• REQUIRED ACTION: The answer is the line containing "Geneva Three-Eye Silicone" plus every line after it to the end of the material, retyped exactly and without the pictures.

• SOURCE DATA:
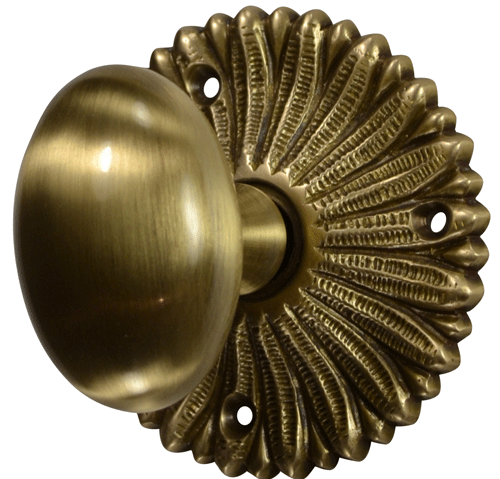 ##Antique Hardware## French Provincial Rosette Door Set with Egg Door Knobs (Several Finishes Available)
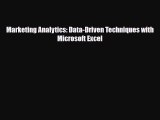 [PDF] Marketing Analytics: Data-Driven Techniques with Microsoft Excel Download Online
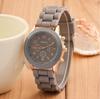 Geneva Three-Eye Silicone Watch: Fashionable Style for Ladies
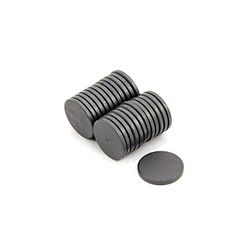Y10 Ferrite Magnet Para Artes, Artesanía, Ciencia Y Bricolaje - 25mm x 3mm de Espesor - 0.5kg de Tracción - Paquete de 250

• EXERCISE ANSWER:
 Geneva Three-Eye Silicone Watch: Fashionable Style for Ladies
Y10 Ferrite Magnet Para Artes, Artesanía, Ciencia Y Bricolaje - 25mm x 3mm de Espesor - 0.5kg de Tracción - Paquete de 250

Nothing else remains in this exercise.